Пьер медленно бродил среди этого бездушного великолепия, в ясном, мертвом воздухе стояли, словно ненастоящие и неживые, тысячи великолепных цветов, время от времени он опять встречал Альберта, или мать, или отца, и они все так же оцепенело и отчужденно проходили мимо него и мимо друг друга.
Ему казалось, что так продолжается уже давно, может быть, годы, и те времена, когда весь мир и сад были еще живыми, люди веселыми и разговорчивыми, а его самого переполняли необузданные желания, – те времена теперь невообразимо далеко, в глубоком, непостижимом прошлом. Может быть, так было всегда, и прошлое – только прекрасный, глупый сон.
Наконец он дошел до маленького выложенного камнем бассейна, из которого садовник брал раньше воду для полива и в который сам он запустил как-то несколько крошечных головастиков. В неподвижной светло-зеленой воде отражались каменные края и нависающие листья и желтые цветы астр; бассейн казался прекрасным, покинутым и каким-то несчастным, как и все остальное здесь.
– Если упадешь в него, то захлебнешься и умрешь, – сказал однажды садовник. Но тут было совсем неглубоко.
Пьер подошел к краю овального бассейна и склонился над ним.
В воде он увидел свое собственное отражение. Его лицо ничем не отличалось от других; постаревшее и бледное, оно было неподвижным и равнодушно-суровым.
Он разглядывал себя с испугом и удивлением, и вдруг его с неодолимой силой охватило чувство скрытого ужаса и печальной бессмысленности случившегося. Он хотел закричать, но не мог издать ни звука, хотел заплакать, но только скривил губы и беспомощно оскалился.
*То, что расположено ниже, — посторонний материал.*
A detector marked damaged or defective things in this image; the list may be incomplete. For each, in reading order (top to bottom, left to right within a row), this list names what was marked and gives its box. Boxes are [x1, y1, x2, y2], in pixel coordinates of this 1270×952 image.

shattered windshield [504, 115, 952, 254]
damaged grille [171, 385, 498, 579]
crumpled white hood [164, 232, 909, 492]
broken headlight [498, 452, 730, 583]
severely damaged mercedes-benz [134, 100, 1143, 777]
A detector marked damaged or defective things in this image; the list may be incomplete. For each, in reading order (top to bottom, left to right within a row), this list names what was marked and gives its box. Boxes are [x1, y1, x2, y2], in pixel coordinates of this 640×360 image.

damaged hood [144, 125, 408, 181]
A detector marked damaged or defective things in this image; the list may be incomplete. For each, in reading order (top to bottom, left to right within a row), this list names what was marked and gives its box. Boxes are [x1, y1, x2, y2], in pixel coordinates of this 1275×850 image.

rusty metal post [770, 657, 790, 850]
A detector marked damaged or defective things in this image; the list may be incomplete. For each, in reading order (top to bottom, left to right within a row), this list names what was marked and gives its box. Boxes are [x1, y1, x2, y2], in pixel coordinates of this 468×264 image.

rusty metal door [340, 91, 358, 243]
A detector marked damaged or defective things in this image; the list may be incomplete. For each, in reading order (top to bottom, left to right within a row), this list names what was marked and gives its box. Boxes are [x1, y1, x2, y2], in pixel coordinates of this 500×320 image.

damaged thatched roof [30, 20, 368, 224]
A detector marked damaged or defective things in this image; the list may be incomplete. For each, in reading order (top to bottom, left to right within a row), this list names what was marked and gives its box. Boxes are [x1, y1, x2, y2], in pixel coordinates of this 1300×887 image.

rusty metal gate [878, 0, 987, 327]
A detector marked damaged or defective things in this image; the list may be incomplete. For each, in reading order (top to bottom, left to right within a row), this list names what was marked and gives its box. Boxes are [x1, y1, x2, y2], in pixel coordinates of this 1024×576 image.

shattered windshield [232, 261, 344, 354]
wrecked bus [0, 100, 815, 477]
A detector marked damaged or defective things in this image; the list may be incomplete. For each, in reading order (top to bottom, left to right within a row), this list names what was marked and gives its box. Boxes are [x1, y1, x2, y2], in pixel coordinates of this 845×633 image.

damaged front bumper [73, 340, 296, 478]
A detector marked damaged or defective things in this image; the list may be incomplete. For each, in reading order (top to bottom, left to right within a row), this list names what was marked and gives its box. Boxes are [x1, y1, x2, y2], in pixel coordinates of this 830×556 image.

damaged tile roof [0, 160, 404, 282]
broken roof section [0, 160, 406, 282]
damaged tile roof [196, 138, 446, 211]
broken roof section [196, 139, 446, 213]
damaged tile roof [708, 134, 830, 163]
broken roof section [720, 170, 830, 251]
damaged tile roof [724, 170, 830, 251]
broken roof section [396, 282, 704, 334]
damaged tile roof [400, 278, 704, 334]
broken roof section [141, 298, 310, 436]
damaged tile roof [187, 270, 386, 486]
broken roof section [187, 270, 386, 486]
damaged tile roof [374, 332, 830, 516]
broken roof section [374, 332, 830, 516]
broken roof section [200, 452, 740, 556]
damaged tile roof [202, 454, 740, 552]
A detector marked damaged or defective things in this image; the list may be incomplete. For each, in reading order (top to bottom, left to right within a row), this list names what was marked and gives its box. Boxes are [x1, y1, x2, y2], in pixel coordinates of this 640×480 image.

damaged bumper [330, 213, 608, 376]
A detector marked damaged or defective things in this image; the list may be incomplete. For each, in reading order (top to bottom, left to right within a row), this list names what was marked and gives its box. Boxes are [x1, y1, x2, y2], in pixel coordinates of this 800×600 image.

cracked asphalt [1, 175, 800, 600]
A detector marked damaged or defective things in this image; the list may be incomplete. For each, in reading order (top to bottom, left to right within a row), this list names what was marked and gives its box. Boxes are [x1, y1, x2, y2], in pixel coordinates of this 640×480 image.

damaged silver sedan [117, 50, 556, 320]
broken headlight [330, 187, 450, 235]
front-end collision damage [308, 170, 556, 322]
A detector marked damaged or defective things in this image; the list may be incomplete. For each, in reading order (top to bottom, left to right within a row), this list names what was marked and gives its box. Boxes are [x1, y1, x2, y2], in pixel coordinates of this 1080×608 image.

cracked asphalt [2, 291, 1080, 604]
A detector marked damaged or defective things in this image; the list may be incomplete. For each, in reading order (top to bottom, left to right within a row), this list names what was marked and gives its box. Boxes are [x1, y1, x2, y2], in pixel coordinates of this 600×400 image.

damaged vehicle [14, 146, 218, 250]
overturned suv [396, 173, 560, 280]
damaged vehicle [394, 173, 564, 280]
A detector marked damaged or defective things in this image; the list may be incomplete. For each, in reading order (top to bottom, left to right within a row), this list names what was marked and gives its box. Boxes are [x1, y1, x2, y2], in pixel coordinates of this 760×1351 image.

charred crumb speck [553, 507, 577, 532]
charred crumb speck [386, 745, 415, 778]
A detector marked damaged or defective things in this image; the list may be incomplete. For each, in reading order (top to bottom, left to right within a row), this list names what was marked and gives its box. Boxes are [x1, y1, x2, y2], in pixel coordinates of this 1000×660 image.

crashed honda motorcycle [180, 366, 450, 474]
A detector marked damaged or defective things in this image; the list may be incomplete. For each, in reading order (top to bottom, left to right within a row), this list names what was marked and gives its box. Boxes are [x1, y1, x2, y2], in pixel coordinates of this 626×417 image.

Тут снова появился отец, и Пьер, в немыслимом напряжении собрав все свои скованные какими-то чарами силы, повернулся к нему. Смертный страх и невыносимая мука его отчаявшегося сердца вылились в глухие рыдания и устремились с мольбой о помощи к отцу, который приближался, погруженный в свое призрачное спокойствие, и, казалось, опять не замечал сына.
«Папа!» – хотел крикнуть мальчик, и хотя из его горла не вырвалось ни звука, но страшная беда сына все же дошла до поглощенного одиночеством отца. Он повернул голову и взглянул на Пьера.